A lazy right-to-left fold is frequently used in lazy functional programs, as it’s suitable for a caller that will lazily consume a result. However, if the caller needs a complete result (as in our case), foldr will generate a pile of thunks as it recurses down its input list, and they won’t be consumed until foldr reaches the end of the list.

Understanding when to use foldr or foldl' isn’t actually difficult; it’s just not something that newcomers to Haskell will naturally think about. Worse, the compiler can hide some of the effects of the choice of fold under some circumstances. When I first wrote this article, I was using foldl', but there seemed to be no difference in performance or space usage compared to foldl (lazy), so I switched to that.

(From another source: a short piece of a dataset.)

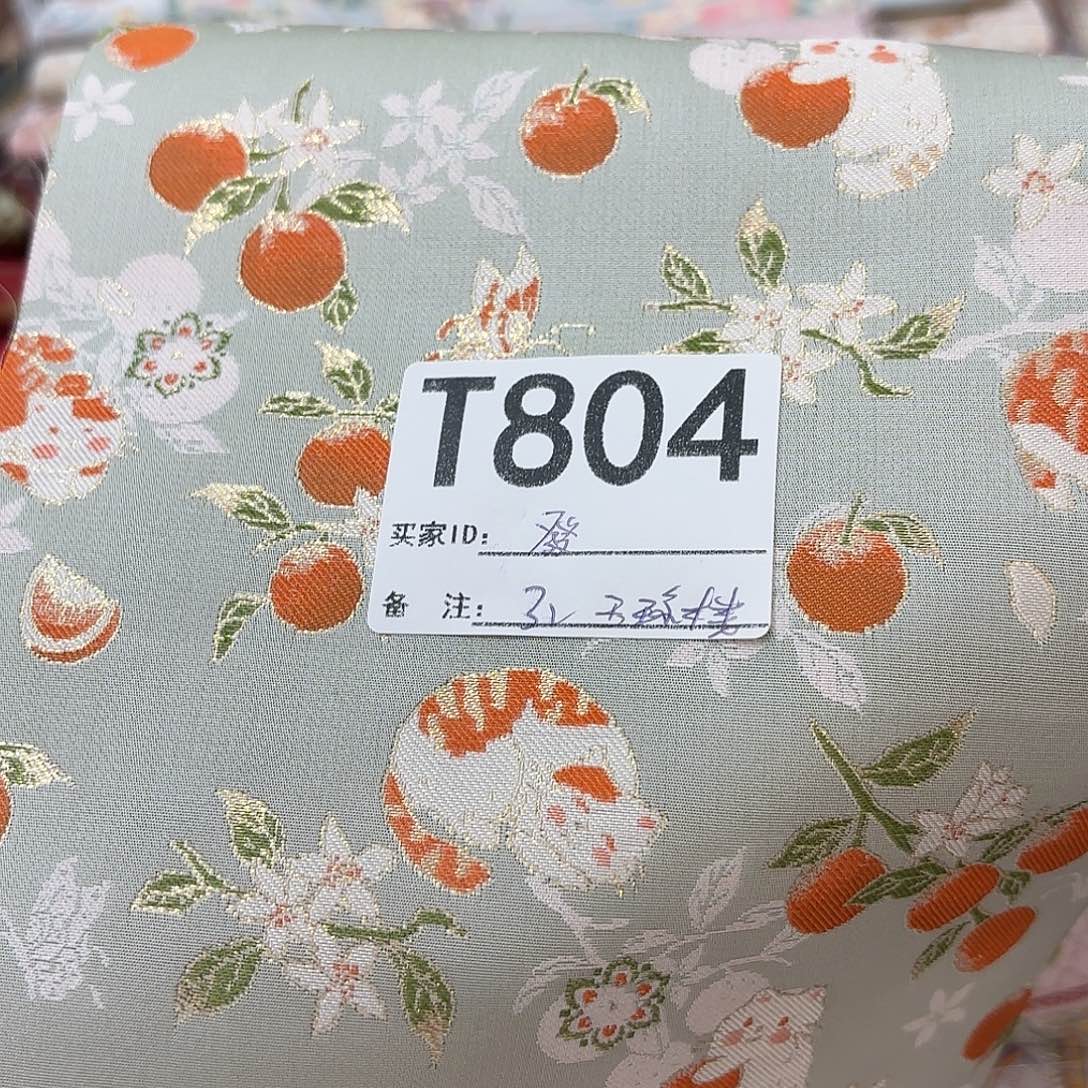 發***發宋锦804#ttttttttt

GHC’s strictness analysis was preventing me from noticing the problem with foldl at high optimisation levels, because it turned the lazy fold into a strict one for me.

Our second potential problem is that the choice of fold direction isn’t the only possible source of a space leak above. The expression M.insertWith' (+) word 1 model does one of two things when adding a key to the Model map.

  • If no such key exists in the map, it adds a new entry, with a key of word and value of 1.
  • If the key is already present, it creates a new map with the entry’s value updated, incremented by one.

The potential problem here is that in the “update an existing key” case, nothing is immediately going to inspect the new value. Thus a Haskell implementation will construct a thunk to defer its evaluation. Repeated updates of the same entry will thus construct a series of thunks of the form 1 + 1 + 1 + ..., instead of a single Int, and this pile of thunks won’t be evaluated until the first time someone tries to use that value.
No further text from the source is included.